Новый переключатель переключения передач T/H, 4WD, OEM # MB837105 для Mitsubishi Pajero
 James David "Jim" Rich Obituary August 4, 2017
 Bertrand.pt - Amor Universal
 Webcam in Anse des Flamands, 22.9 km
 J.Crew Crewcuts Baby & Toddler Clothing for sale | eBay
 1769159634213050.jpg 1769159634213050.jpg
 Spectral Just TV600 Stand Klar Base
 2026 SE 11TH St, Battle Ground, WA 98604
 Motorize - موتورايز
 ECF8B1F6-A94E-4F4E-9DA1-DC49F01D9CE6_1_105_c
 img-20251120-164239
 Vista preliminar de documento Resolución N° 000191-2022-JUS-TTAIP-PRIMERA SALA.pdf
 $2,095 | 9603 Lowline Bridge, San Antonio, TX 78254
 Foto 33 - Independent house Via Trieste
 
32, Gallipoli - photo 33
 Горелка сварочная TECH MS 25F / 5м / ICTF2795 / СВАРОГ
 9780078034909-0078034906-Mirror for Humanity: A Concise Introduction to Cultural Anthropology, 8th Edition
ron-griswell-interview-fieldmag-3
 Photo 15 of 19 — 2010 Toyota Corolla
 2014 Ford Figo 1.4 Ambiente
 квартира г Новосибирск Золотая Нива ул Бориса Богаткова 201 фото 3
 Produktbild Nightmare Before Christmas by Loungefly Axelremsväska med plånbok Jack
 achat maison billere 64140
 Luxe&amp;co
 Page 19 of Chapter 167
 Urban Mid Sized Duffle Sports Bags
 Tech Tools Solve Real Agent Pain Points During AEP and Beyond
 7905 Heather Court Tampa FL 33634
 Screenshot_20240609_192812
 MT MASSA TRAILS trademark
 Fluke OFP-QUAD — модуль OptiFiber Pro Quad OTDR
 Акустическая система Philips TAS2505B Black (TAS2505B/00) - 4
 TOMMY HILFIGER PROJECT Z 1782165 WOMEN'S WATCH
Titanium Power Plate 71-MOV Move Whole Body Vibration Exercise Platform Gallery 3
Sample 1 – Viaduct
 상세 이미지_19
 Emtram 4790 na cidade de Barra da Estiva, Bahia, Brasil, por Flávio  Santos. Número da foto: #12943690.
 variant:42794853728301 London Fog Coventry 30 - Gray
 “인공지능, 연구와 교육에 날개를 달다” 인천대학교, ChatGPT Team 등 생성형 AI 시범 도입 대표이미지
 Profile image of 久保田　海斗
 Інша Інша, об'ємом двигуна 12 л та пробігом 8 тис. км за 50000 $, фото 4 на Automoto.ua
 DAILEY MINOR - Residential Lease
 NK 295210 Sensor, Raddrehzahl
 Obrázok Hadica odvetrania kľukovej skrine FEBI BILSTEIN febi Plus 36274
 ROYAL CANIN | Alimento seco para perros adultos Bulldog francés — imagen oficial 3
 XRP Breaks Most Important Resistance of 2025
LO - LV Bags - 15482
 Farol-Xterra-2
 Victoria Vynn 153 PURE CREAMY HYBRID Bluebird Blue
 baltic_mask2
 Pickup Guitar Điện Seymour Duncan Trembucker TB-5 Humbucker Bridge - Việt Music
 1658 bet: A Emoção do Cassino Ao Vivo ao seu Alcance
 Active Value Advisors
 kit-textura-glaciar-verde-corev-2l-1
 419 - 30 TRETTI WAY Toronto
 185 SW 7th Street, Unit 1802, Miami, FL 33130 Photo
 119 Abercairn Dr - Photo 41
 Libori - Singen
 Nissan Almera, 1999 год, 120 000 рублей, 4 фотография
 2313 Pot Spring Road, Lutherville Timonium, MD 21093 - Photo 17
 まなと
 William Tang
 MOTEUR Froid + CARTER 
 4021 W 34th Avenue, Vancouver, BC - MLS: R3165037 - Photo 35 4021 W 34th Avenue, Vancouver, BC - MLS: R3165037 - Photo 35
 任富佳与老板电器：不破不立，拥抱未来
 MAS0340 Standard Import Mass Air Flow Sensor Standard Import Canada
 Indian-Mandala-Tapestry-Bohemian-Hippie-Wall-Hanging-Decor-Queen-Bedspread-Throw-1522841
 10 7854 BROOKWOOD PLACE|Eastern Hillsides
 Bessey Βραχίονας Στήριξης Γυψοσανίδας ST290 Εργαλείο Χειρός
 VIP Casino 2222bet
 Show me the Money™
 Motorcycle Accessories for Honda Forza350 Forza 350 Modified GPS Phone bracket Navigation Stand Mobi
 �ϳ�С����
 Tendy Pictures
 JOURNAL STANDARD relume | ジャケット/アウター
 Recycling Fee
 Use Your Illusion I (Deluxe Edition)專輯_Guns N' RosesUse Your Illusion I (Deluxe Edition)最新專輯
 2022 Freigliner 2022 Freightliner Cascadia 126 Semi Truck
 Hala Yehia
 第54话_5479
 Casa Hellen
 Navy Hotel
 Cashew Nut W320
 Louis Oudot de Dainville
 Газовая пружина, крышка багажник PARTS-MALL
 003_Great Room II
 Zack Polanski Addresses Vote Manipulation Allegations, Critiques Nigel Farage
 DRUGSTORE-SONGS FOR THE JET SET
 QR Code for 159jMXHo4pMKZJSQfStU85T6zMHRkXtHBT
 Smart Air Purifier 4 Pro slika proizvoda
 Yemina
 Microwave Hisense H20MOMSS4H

**The task**
Lines wanted from the listing above: the line with "Produktbild Nightmare Before" up to and including the line with "Profile image of 久保田　海斗". Please write them out exactly, adding nothing else.

**Result of the task**
 Produktbild Nightmare Before Christmas by Loungefly Axelremsväska med plånbok Jack
 achat maison billere 64140
 Luxe&amp;co
 Page 19 of Chapter 167
 Urban Mid Sized Duffle Sports Bags
 Tech Tools Solve Real Agent Pain Points During AEP and Beyond
 7905 Heather Court Tampa FL 33634
 Screenshot_20240609_192812
 MT MASSA TRAILS trademark
 Fluke OFP-QUAD — модуль OptiFiber Pro Quad OTDR
 Акустическая система Philips TAS2505B Black (TAS2505B/00) - 4
 TOMMY HILFIGER PROJECT Z 1782165 WOMEN'S WATCH
Titanium Power Plate 71-MOV Move Whole Body Vibration Exercise Platform Gallery 3
Sample 1 – Viaduct
 상세 이미지_19
 Emtram 4790 na cidade de Barra da Estiva, Bahia, Brasil, por Flávio  Santos. Número da foto: #12943690.
 variant:42794853728301 London Fog Coventry 30 - Gray
 “인공지능, 연구와 교육에 날개를 달다” 인천대학교, ChatGPT Team 등 생성형 AI 시범 도입 대표이미지
 Profile image of 久保田　海斗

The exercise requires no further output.